Samuel didn’t respond, so she followed. Collin stumbled after her, trying to fit into a pair of purple seersucker pajama pants she’d thrown in the laundry hamper. Between that and her rain jacket, he was at least partially covered when they left the guesthouse and slipped down the service hallway.

“You realize that while there are no guests, the construction crews are still here, right? They could be awake and see their boss dressed like this,” Collin said, motioning to his improvised ensemble. Because of the difference of leg length, her pants were basically capris on him.

“So go back and change,” she told him as the ghost silently glided along the hallway.

“I’m not leaving you alone in the dark with a ghost, no matter what I’m wearing,” Collin insisted. “Even if it does destroy what little credibility I have with the construction dudes.”

“You’re very brave,” Alice said.

“I don’t need your pity,” he grumbled, making her snicker.

“Do you need our help?” she called again to the ghost, who ignored her.

Samuel turned and walked through the door to the storage area behind the kitchen.

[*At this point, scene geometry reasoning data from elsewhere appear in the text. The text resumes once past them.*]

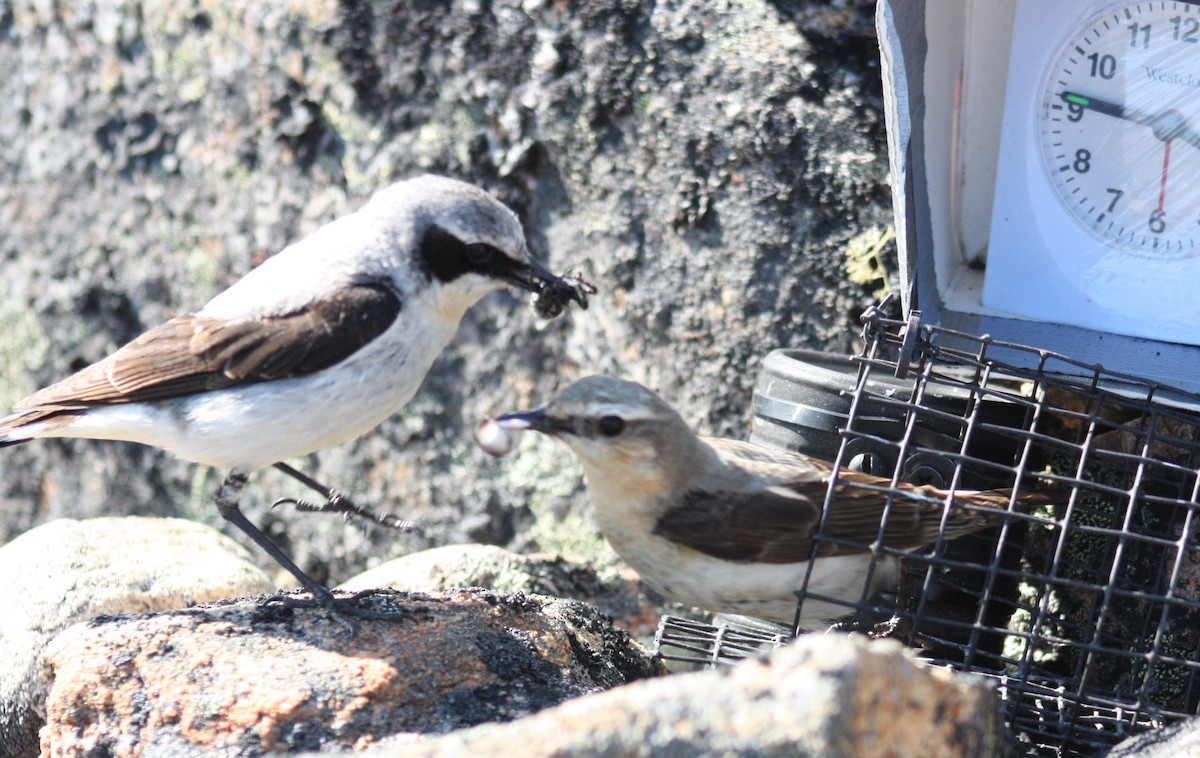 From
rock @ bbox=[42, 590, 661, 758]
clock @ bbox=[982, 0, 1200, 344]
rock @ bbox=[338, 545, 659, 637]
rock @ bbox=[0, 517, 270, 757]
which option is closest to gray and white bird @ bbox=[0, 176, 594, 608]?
rock @ bbox=[42, 590, 661, 758]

Collin frowned as they approached the locked storage door. He showed her a large ring full of keys in various sizes.

“You located a huge key ring, but not your pants?” Alice asked.

“The keys were out on a table. My pants were harder to locate.” He unlocked the door and they entered the darkened room.

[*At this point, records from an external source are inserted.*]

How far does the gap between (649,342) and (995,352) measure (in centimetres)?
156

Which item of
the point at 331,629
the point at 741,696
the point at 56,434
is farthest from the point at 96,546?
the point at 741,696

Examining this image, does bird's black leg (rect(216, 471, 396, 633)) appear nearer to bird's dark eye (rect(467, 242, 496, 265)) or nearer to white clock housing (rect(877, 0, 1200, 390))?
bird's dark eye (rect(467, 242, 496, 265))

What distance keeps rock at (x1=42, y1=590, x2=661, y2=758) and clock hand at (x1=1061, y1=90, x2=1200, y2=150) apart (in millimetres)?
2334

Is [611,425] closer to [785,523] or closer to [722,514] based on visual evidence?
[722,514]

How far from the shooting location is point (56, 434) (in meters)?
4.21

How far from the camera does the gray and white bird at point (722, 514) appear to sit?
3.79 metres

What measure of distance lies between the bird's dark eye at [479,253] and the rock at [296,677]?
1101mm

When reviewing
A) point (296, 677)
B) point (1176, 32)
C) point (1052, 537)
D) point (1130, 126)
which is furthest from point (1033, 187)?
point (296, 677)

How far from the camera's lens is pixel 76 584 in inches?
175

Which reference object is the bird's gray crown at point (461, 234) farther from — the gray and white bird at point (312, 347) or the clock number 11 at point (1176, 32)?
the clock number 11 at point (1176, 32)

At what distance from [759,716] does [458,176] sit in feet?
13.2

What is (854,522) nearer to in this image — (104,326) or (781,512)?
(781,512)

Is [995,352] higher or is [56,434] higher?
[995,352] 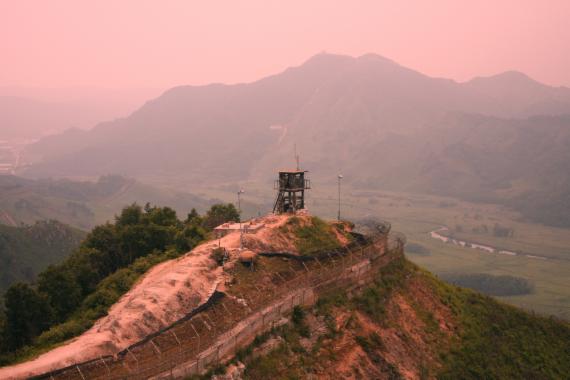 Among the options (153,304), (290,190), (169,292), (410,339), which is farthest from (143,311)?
(290,190)

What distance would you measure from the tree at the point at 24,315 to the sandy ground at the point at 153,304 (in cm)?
589

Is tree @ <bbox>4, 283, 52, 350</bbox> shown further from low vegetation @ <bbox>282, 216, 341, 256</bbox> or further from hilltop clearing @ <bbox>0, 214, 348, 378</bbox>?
low vegetation @ <bbox>282, 216, 341, 256</bbox>

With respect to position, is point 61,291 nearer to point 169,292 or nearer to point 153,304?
point 169,292

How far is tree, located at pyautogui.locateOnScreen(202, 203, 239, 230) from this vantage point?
6794cm

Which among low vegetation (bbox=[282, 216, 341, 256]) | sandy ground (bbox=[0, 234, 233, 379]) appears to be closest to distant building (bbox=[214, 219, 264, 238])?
low vegetation (bbox=[282, 216, 341, 256])

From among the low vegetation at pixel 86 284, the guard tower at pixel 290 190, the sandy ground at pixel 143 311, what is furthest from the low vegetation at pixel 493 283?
the sandy ground at pixel 143 311

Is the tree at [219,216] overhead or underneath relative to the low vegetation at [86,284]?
overhead

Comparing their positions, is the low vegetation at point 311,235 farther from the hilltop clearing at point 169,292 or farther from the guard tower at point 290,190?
the guard tower at point 290,190

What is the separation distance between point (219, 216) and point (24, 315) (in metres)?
32.2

It looked like…a storage room, with neatly organized shelves stacked with canned goods and staples.

Alice made a note to come here if there was ever a severe ice storm or a zombie apocalypse.

The ghost seemed to be hovering near the rear wall of the room.

“This would be a lot easier if you would just talk to us,” she told the ghost. He gave her one last sad look and melted into the wall.

“Is that normal?” Collin asked.

“Usually, they’re a little more talkative,” she replied. “What’s behind the wall?”

“No idea,” he said. “I think the storage area was added when I was a kid. Why did this ghost sort of pointedly ignore us while still acknowledging our existence? The other one acted like she couldn’t see me at all.”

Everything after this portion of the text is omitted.